Even the Feast of San Gennaro, which still draws giant crowds to Mulberry Street, may be abbreviated in size this year at the behest of inconvenienced NoLIta merchants."

I've quoted it before, but I recalled Colum McCann's observation in his novel of New York City life, "Let the Great World Spin,"

"It was a city uninterested in history. Strange things occurred precisely because there was no necessary regard for the past. The city lived in a sort of everyday present. It had no need to believe in itself as a London, or Athens, or even a signifier of the New World, like a Sydney, or a Los Angeles. No, the city couldn't care less about where it stood."

I think of how much city life changes, sometimes for the better, like the lack of mafia life that once ruled the neighborhood. Although it's also the dual edged sword of the American dream: to assimilate, but how do we balance our cultural heritage and maintain a piece of it? Whether we like change or not, change is happening.

The Italian American Museum was sadly closed when we passed by it. A display of the Triangle Shirtwaist Factory fire. On March 25, 1911, 146 souls were lost, mostly young immigrant women of Jewish and Italian descent. From Wikipedia,

"Because the managers had locked the doors to the stairwells and exits, many of the workers who could not escape the burning building jumped from the eighth, ninth, and tenth floors to the streets below. The fire led to legislation requiring improved factory safety standards and helped spur the growth of the International Ladies' Garment Workers' Union, which fought for better working conditions for sweatshop workers."

On the way into New York we stopped by a garage sale where I got a vintage dress with a union label on it. I think of all the gains unions and laborers made for better working conditions, only to have jobs disappear. Really, we've just outsourced the poor conditions elsewhere. Some might blame unions for excessive demands, but it seems Americans have been conditioned to not think about and worse, not care at all, where their clothes and other goods are made. I find it telling that in the worst economic crisis since the Depression the main fashion accessory I see women carry are corporate logo bags, many, if not most, made in China, that are marketed as a "luxury" item.

I'm in the midst of reading Betty Smith's A Tree Grows in Brooklyn, and I thought of the great pride little Francie's father took in the union.

"A thought struck him. "The Union label on my apron!"

"It's right here, sewn in the seam. I'll iron it out."

"That label is like an ornament, he explained, "like a rose that you wear....Before I joined the Union the bosses paid me what they felt like. Sometimes they paid me nothing. The tips, they said, would take care of me. Some places even charged me for the privilege of working. The tips were so big they said, that they could sell the concession. Then I joined the Union...The Union gets me jobs where the boss has to pay me certain wages, regardless of tips. All trade should be unionized."
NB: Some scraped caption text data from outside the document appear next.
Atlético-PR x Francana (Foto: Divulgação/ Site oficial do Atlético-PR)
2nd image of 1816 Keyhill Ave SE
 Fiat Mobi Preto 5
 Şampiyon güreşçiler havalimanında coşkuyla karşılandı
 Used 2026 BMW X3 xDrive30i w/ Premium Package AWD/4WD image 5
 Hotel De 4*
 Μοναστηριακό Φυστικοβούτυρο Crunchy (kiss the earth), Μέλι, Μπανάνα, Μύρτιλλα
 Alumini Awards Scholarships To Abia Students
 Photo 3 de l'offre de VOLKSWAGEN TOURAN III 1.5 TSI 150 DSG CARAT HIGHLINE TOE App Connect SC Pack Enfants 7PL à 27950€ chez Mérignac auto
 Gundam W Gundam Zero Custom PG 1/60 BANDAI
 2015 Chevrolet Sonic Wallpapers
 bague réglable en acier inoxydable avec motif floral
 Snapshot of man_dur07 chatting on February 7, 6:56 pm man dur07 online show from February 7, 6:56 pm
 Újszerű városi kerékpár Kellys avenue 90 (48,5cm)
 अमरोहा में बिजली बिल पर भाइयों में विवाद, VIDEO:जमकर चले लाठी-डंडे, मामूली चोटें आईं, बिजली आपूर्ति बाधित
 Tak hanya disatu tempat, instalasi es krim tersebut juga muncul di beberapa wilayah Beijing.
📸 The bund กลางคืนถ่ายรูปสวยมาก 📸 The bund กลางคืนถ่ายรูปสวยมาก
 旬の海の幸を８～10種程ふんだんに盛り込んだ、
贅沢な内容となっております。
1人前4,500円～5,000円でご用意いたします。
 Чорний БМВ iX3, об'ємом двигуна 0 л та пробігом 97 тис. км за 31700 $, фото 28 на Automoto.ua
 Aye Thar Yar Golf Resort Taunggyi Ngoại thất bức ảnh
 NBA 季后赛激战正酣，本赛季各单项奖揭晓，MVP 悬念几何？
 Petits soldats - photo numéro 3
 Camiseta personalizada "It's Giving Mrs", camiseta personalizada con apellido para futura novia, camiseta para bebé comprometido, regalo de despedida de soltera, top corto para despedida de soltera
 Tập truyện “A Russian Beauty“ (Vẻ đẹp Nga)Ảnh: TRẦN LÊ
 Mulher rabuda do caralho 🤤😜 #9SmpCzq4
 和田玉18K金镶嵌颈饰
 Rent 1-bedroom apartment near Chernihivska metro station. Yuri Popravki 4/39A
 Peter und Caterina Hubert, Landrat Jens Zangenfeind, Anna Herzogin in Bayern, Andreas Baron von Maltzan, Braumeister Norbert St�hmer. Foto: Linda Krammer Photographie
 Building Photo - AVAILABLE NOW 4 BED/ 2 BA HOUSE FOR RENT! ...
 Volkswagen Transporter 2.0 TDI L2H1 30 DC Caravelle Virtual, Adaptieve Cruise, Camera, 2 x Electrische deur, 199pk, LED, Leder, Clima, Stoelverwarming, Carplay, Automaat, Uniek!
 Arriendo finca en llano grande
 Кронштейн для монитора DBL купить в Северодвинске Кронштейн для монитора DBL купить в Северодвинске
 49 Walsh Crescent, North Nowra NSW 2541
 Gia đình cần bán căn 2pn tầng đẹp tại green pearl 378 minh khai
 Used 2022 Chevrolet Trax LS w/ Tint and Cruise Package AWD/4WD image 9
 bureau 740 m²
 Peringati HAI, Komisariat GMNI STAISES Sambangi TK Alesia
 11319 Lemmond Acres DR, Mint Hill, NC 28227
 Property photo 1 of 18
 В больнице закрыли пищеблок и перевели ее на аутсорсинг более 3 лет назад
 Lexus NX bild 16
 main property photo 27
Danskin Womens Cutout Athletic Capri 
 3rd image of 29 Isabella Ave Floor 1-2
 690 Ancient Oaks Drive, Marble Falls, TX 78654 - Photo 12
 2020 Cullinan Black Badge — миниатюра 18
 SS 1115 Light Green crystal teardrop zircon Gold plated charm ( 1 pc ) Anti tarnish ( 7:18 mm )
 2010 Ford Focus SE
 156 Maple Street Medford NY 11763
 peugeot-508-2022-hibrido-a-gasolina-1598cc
I love black and white photography. What were their stories? Francie would stay up listening to her father tell her mother about the night's events at his singing waiter job. "The Nolans just couldn't get enough of life. They lived their own lives up to the hilt and that wasn't enough. They had to fill in on the lives of the people they came into contact with."

So we can't leave Little Italy without a glass of Chianti, $7 and gnocchi with a mascarpone cheese sauce, $9.75, at Buona Notte restaurant? Just walking through Little Italy made us reminisce about our cherished trip a few years back to Italy (Rome, Venice, Florence, Bologna, Capri). We loved it all.

A cappuccino and cannoli at Caffe Palermo. I can't relate to the American food guilt syndrome which mostly focuses on vanity issues of how thin one looks. I love eating. No apologies.

I'm so excited for another year. Stress and personal upheaval of some kind will always be a certainty. But as Francie felt "pleasant anticipation" going into the library (as do I), I'm feeling that way about 2012, and what other adventures await. I'm grateful you are joining me as my American Dream Finder blog enters its second year.